So how do you reward a master criminal enterprise that was allowed to flourish all across the country?
Well, attorney generals from 49 states sign an agreement where the masters of the enterprise agree to pay them a few dollars….and at least one attorney general rewards the criminal enterprises with their very own court system!
If you can handle the taste of your own vomit, have a little read of this REPORT FROM THE TRENCHES:
Miami-Dade started rocket foreclosure trials (one minute for uncontested cases and five minutes for contested cases) several months ago. They have now begun in Palm Beach County and will soon start in Broward. I’m sure other counties will soon fall in line.
This is a ruthless and efficient process to clear the docket of foreclosure cases, most grievously, funded by our work–part of Florida’s take of the foreclosure fraud settlement.
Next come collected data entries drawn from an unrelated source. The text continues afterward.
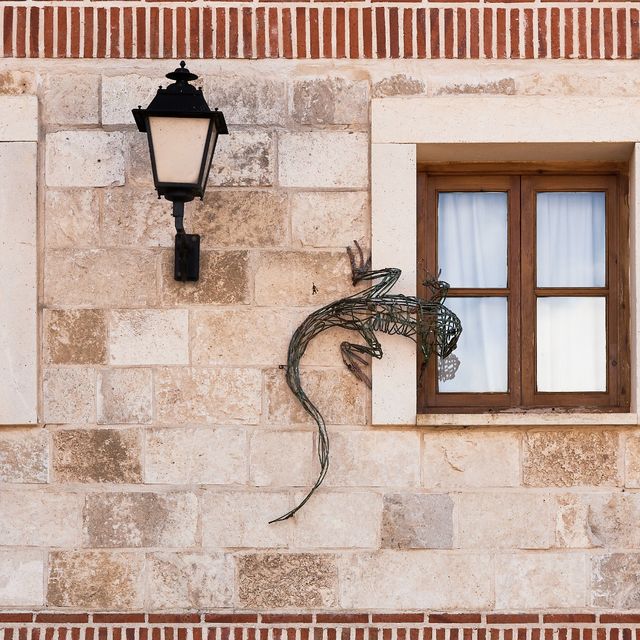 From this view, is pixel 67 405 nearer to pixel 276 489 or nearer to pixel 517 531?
pixel 276 489

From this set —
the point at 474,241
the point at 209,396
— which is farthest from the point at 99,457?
the point at 474,241

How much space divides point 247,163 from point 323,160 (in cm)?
34

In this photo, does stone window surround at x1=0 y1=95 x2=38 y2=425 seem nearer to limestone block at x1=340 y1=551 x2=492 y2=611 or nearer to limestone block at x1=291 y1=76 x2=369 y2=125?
limestone block at x1=291 y1=76 x2=369 y2=125

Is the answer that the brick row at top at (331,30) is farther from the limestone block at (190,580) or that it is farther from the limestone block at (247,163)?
the limestone block at (190,580)

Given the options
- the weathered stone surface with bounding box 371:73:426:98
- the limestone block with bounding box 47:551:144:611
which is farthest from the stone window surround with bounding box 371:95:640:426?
the limestone block with bounding box 47:551:144:611

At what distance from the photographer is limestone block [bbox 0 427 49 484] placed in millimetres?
3832

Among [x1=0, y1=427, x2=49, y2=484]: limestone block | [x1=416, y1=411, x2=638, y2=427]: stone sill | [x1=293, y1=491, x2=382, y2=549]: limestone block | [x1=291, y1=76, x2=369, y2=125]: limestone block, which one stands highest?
[x1=291, y1=76, x2=369, y2=125]: limestone block

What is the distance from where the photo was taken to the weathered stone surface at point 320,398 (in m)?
3.83

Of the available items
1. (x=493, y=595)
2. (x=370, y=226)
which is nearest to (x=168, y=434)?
(x=370, y=226)

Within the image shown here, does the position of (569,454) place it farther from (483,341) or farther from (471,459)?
(483,341)

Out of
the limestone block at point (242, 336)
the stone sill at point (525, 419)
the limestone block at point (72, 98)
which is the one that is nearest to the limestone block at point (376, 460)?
the stone sill at point (525, 419)

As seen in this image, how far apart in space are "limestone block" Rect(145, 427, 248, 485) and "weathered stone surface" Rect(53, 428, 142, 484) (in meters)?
0.07

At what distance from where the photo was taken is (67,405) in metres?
3.85

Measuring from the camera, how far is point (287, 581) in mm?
3816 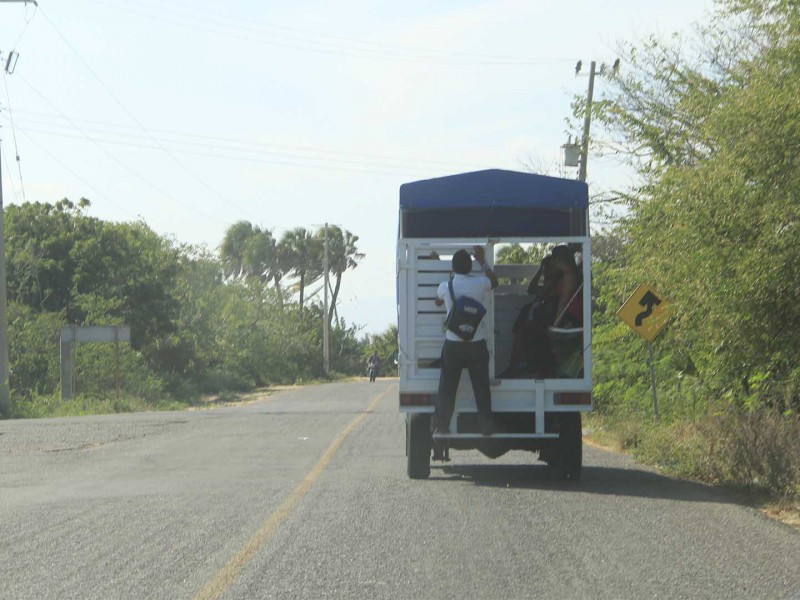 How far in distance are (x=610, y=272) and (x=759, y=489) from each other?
26.4ft

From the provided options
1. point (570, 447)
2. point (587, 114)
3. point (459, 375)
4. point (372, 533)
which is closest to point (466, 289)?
point (459, 375)

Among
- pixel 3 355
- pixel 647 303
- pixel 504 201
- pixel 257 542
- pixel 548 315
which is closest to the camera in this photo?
pixel 257 542

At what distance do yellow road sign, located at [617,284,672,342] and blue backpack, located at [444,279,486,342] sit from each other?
4.47 m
I went to observe on Tuesday. About seventy trials were dispensed, all ending with a judgment and a sale date, in about an hour. Several families were there, begging for justice. Several foreclosure defense attorneys were there, and informed by the judge (retired due to aging out of judgeship per FL constitutional age limit and now back in the foreclosure senior judge employment program – my term), that they had to speed it up. BoA robowitness could not answer any basic questions, had never processed a payment, had never supervised payment processing, and had only a rudimentary working knowledge of anything beyond what the printout from the servicer showed was owed. Usually, this sort of fact witness would be disqualified but the judge overruled any attempt to have his testimony thrown out.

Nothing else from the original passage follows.